I tell stories of miraculous rescue, long-awaited return, and never-ending love to small children and harried parents and weary elders. I help people wrestling with hard truths and difficult realities to deepen their understanding and come to know God better. Every now and then, the Holy Spirit uses me for healing and wholeness and comfort and strength for others in ways that leave me gasping with gratitude and awe.

I have the best job in the world. I am so unbelievably blessed to have been called to this work. I cannot express my gratitude to have the opportunity day after day to be part of what God is doing in all these places, the beautiful and the ugly, the hard and the holy.

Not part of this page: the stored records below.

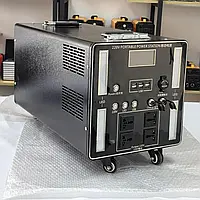 Потужна зарядна станція Lombini S5000, домашня зарядна станція, резервне живлення для дому, портативна електростанція, чорна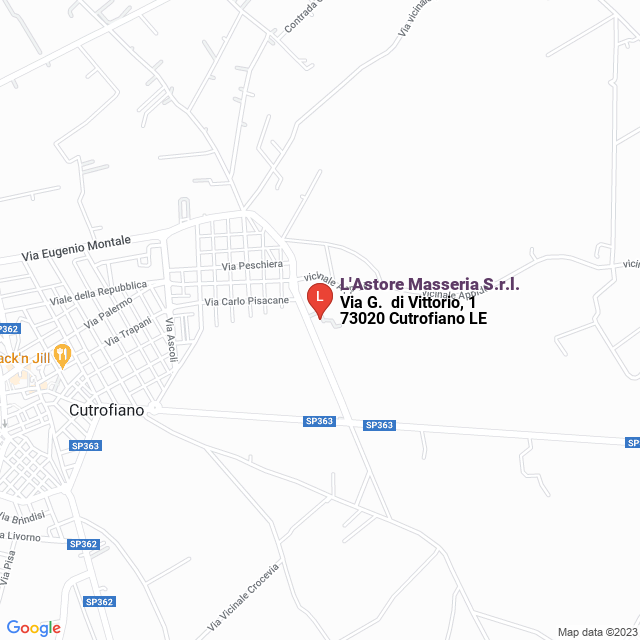 apri la mappa di L‘Astore Masseria S.r.l.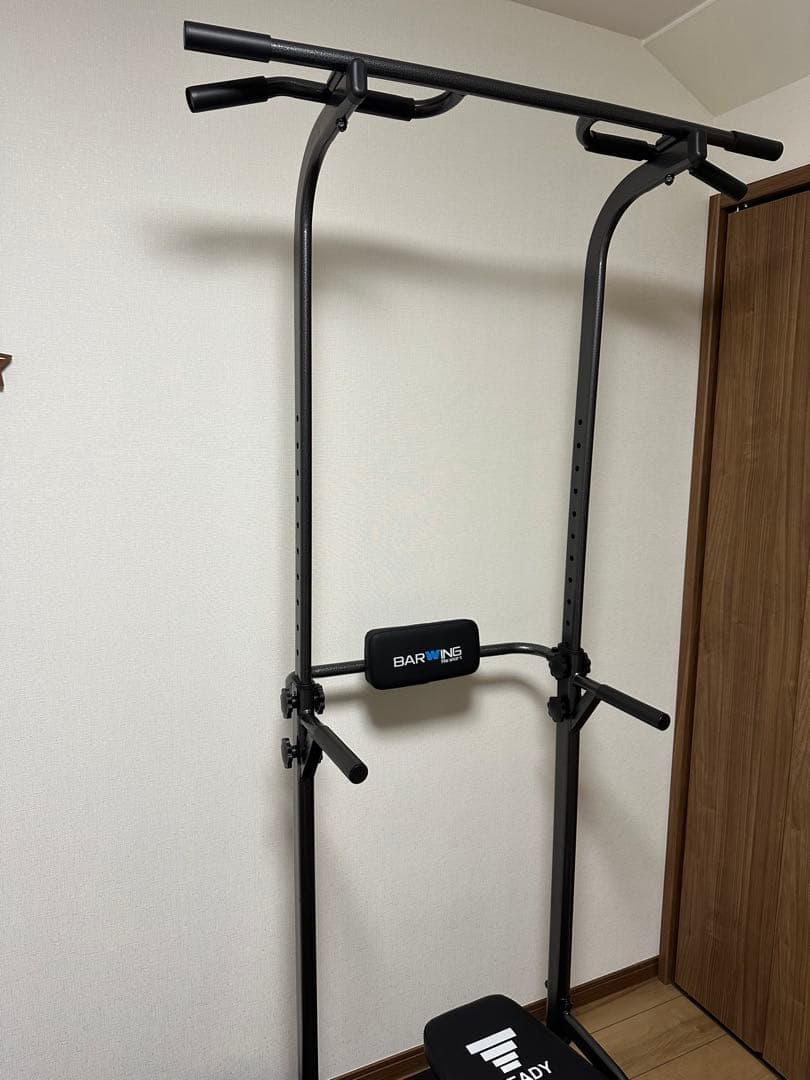 千葉県・引取限定】ダンベル・トレーニングベンチ・懸垂バー 3点セット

Yes, sometimes I get tired and depressed and frustrated. I’m only human, after all, and sometimes the hard things are very hard indeed. Sometimes the burdens are very heavy. But that’s true for all of us, which is probably why St. Paul once wrote, “Bear one another’s burdens, and in this way you will fulfill the law of Christ.” (Galatians 6:2)

Instead of feeling sorry for myself, I try to remember the advice of Colossians: “Bear with one another and, if anyone has a complaint against another, forgive each other; just as the Lord has forgiven you, so you also must forgive. Above all, clothe yourselves with love, which binds everything together in perfect harmony.  And let the peace of Christ rule in your hearts, to which indeed you were called in the one body. And be thankful.”

There is so very much to be thankful for, and I hope all of us blessed to be pastors and priests will try to remember that even on -- or maybe especially on -- the days when it’s hard.